TASK BRIEF — From the line that contains "New 2026 Ford" down to the last line of the listing below, reproduce each line exactly but not the pictures.
RAW DATA START
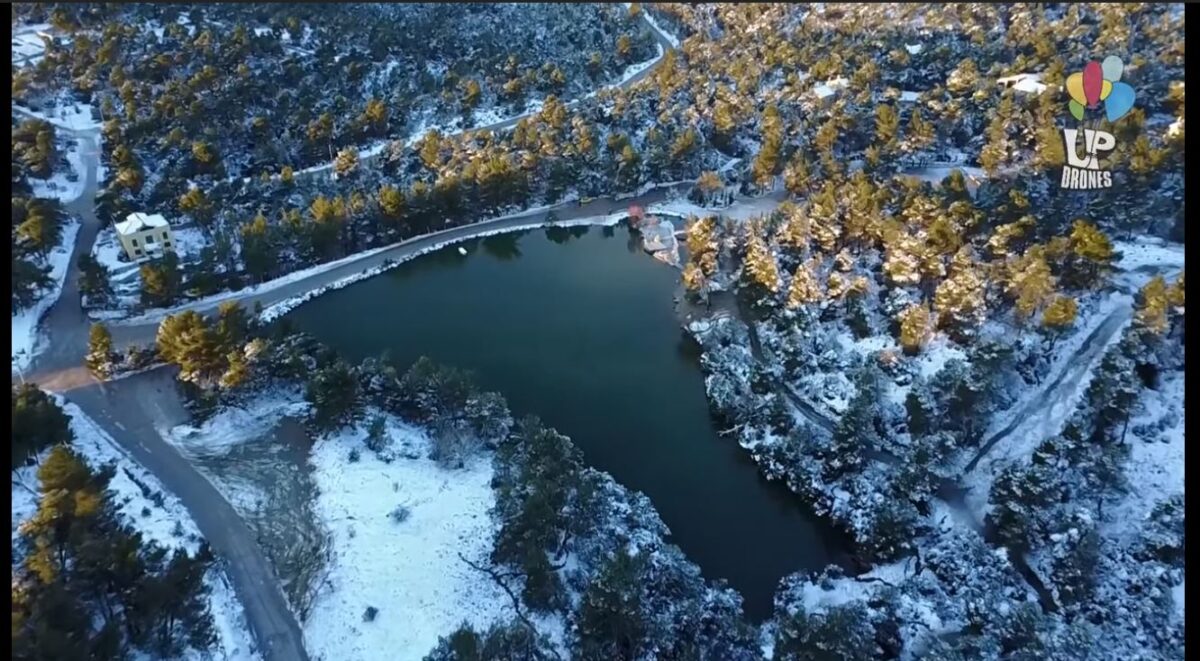 Η Ιπποκράτειος Πολιτεία και η λίμνη Μπελέτσι μέσα στο χιόνι (Βίντεο)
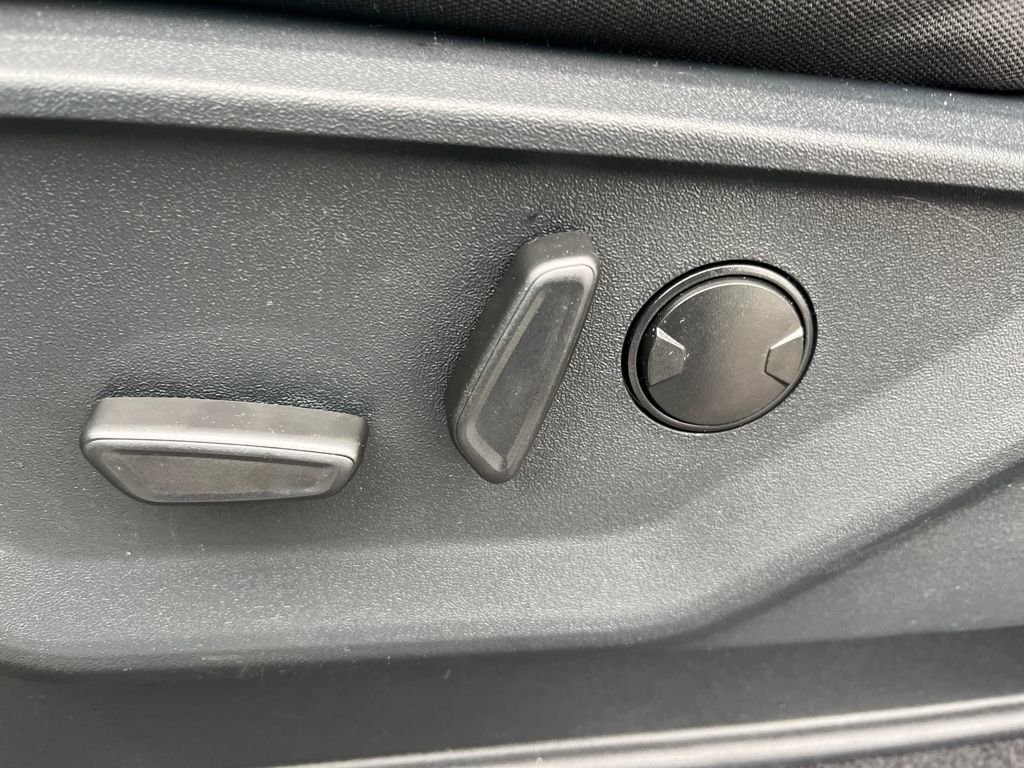 New 2026 Ford F150 XLT w/ Equipment Group 302A MID image 30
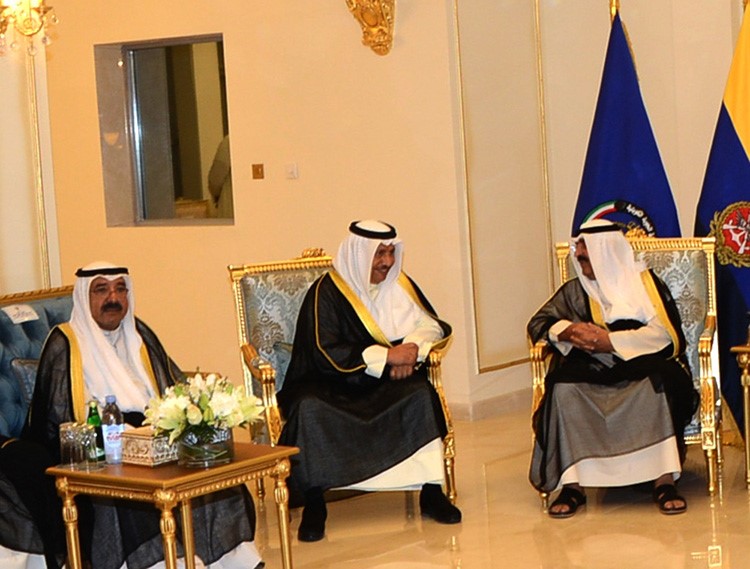 الشيخ مشعل الاحمد وسمو الشيخ جابر المبارك والشيخ ناصر صباح الاحمد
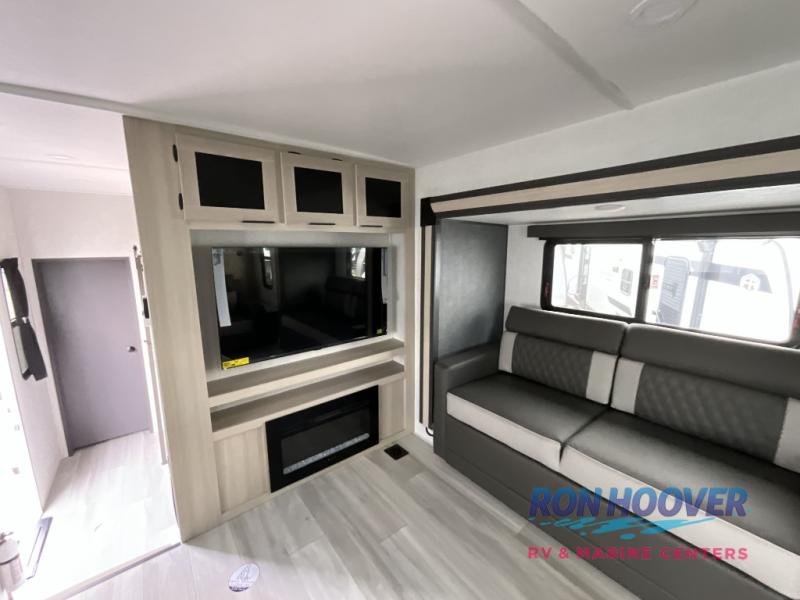 2026 FOREST RIVER 37GALLEY - Image 7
RAW DATA END
RESULT OF THIS TASK —
 New 2026 Ford F150 XLT w/ Equipment Group 302A MID image 30
 الشيخ مشعل الاحمد وسمو الشيخ جابر المبارك والشيخ ناصر صباح الاحمد
 2026 FOREST RIVER 37GALLEY - Image 7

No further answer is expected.